The leaves of the bamboo and the inner pith area from the hard stem are crushed up and soaked in a solution until they become soft. The soft pulp is then pressed and filtered to release the chemicals that were used to break it down, then dried. After it has been crushed and broken down, sodium hydroxide is added to the the pulp to produce cellulose. That cellulose solution is then pushed through a sieve into an acid bath that hardens the bamboo into fiber threads and neutralizes any chemicals that are still present. Finally, that fiber can be spun into yarn! Dyed bamboo is put through a bleaching process while it’s still in pulp form. After is has turned completely white, colored dye is added, then the fiber continues through the rest of the process and made into yarn.
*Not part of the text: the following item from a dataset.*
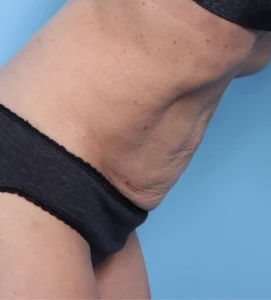 9 GaiMur Emsculpt After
The end result is a soft, lightweight, strong fiber. Bamboo is a sustainable product, as it does not use any pesticides or herbicides while it’s growing, it can easily be replenished, and it grows quickly. Also, the chemicals that are used while it is being made are not harmful. Bamboo fiber is naturally antibacterial and has amazing insulation properties, as it can keep a person cool in warmer weather or warm in cooler weather!

So those are the interesting facts I learned about bamboo this evening! I knew about a couple of its sustainable and healthy properties when I first started using it, but to know the process of how it is made into yarn is good knowledge for me to have as a weaver of bamboo.

*Obviously I didn’t come up with all of this information on my own. Here are the sites that helped me in my research – Bamboo Fashion, eHow, wiseGEEK, and Organic Clothing. The links to these sites will all lead you to the pages on bamboo yarn, if you are interesting in doing some of your own reading. They go into much better detail than I did, but I didn’t want to lose any of you! I can’t give you a testimony to these site’s credibility, but being as they all explained the same process, I figured they knew what they were talking about. If you find any information that contradicts what I have posted I sincerely apologize for my misinformation and would love to know what you found!